[Exercise] Leaving out the pictures, return word for word the stretch of entries below from the line holding "Setting up Auto" through the line holding "Guitar Player December".

----- Data provided -----

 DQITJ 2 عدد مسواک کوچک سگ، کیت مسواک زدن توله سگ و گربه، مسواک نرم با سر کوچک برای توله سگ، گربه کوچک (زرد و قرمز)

-----
----- Data provided -----

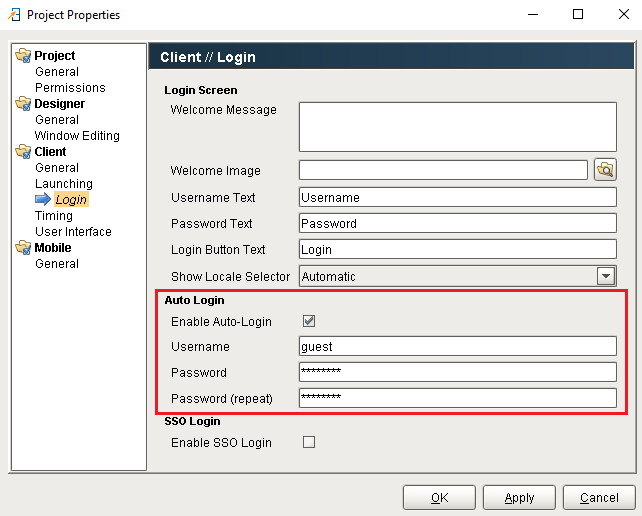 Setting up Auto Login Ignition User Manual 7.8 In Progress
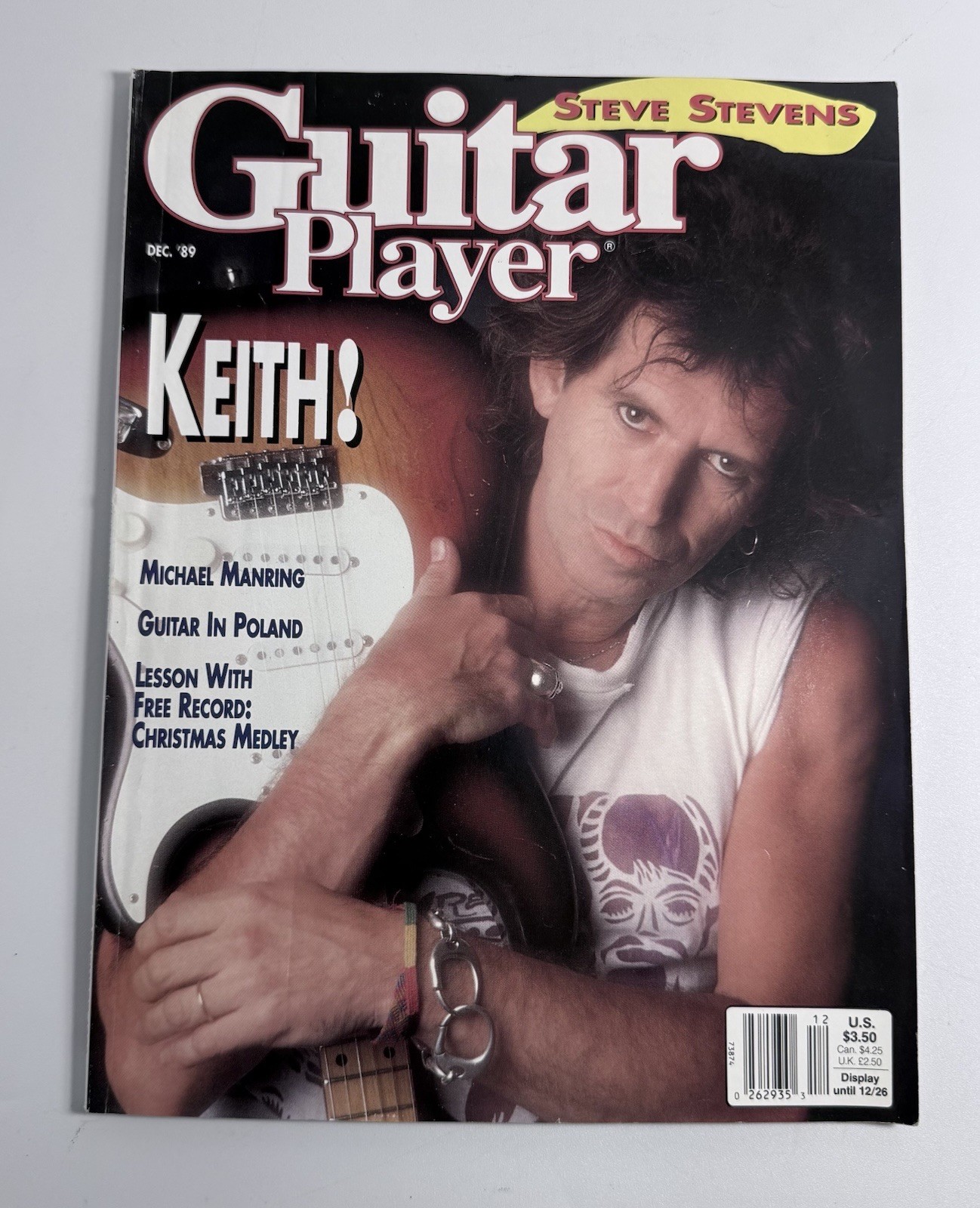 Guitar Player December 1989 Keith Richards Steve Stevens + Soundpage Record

-----

[Response area]
 Setting up Auto Login Ignition User Manual 7.8 In Progress
 Guitar Player December 1989 Keith Richards Steve Stevens + Soundpage Record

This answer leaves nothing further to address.